== EXERCISE ==
What is needed is the exact text of each line in the listing below from the one with "UGREEN HiTune S3" up to and including the one with "Auckland Transport 365 map", and no pictures.

== RECORDS PROVIDED ==
=-=-=

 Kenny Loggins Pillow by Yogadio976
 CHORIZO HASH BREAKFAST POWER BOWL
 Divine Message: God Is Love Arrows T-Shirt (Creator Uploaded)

=-=-=

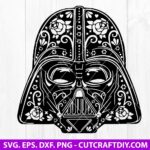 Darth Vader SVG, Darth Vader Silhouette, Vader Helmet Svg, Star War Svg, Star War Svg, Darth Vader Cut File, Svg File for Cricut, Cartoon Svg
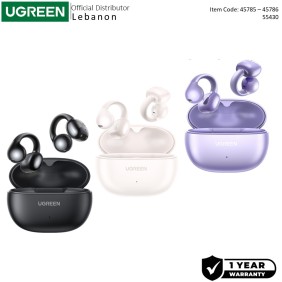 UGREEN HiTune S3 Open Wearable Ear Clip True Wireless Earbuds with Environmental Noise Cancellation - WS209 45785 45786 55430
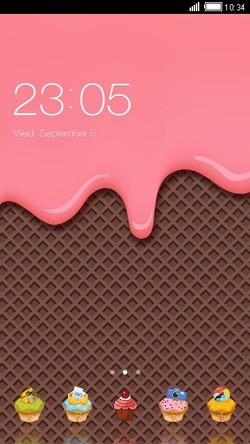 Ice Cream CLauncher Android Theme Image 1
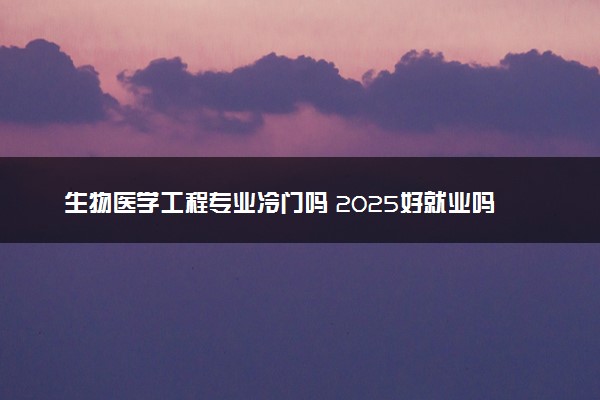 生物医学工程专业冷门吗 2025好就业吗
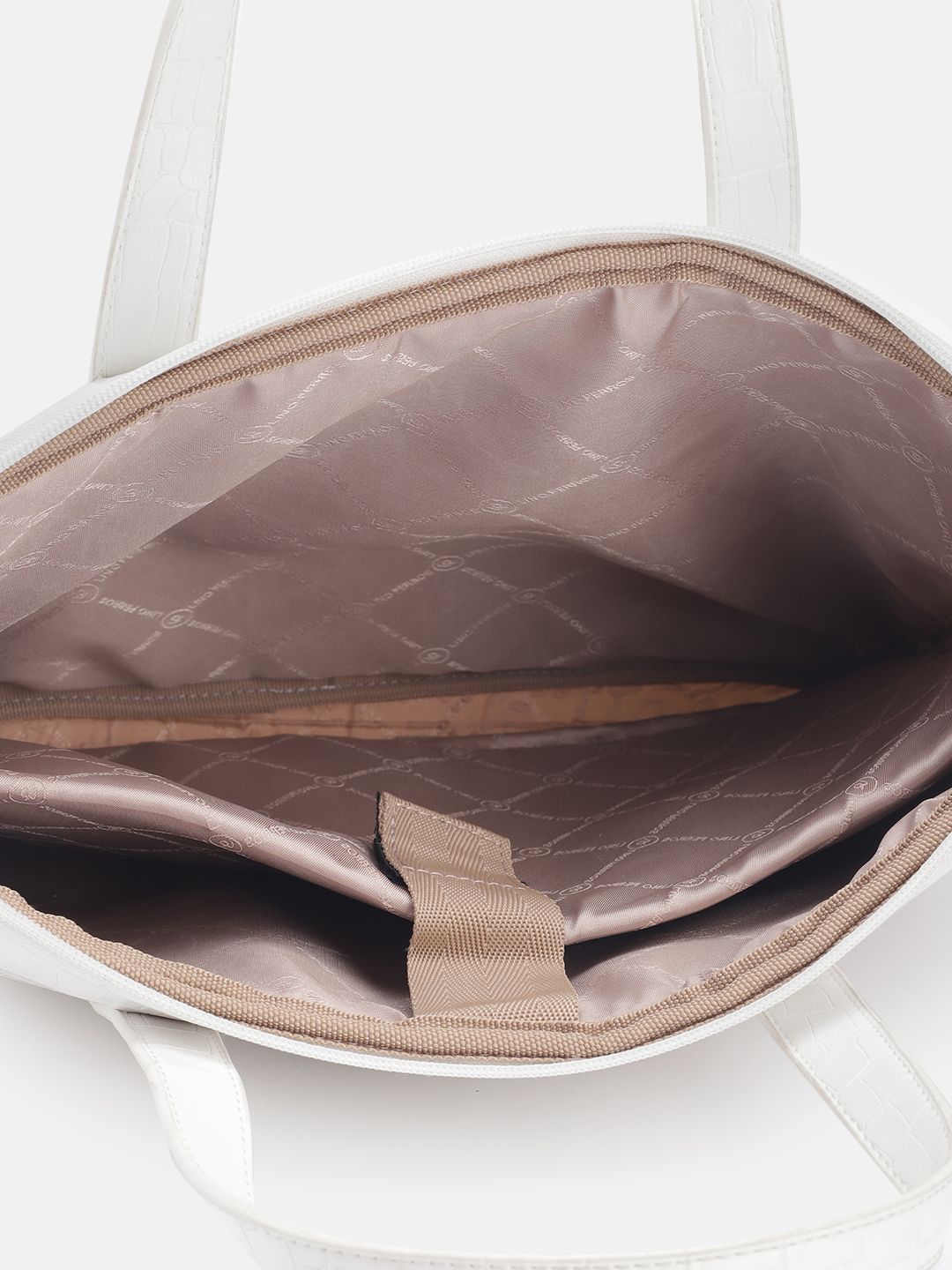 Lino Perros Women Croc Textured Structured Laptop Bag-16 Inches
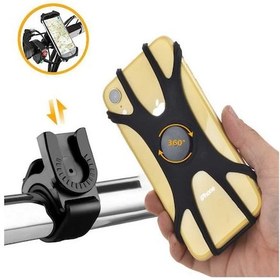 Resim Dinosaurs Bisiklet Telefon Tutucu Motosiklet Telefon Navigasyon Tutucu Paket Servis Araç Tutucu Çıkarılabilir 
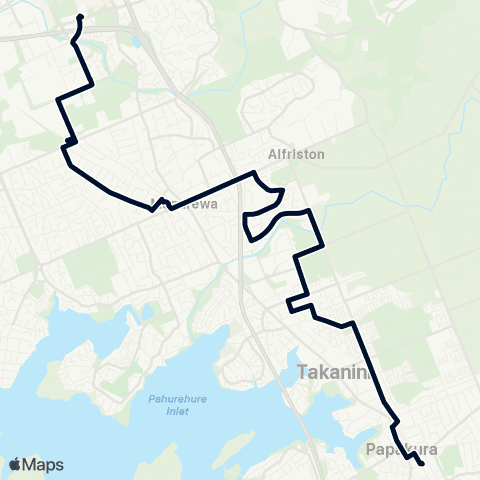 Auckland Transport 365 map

=-=-=

== RESULT OF THIS TASK ==
 UGREEN HiTune S3 Open Wearable Ear Clip True Wireless Earbuds with Environmental Noise Cancellation - WS209 45785 45786 55430
 Ice Cream CLauncher Android Theme Image 1
 生物医学工程专业冷门吗 2025好就业吗
 Lino Perros Women Croc Textured Structured Laptop Bag-16 Inches
 Resim Dinosaurs Bisiklet Telefon Tutucu Motosiklet Telefon Navigasyon Tutucu Paket Servis Araç Tutucu Çıkarılabilir 
 Auckland Transport 365 map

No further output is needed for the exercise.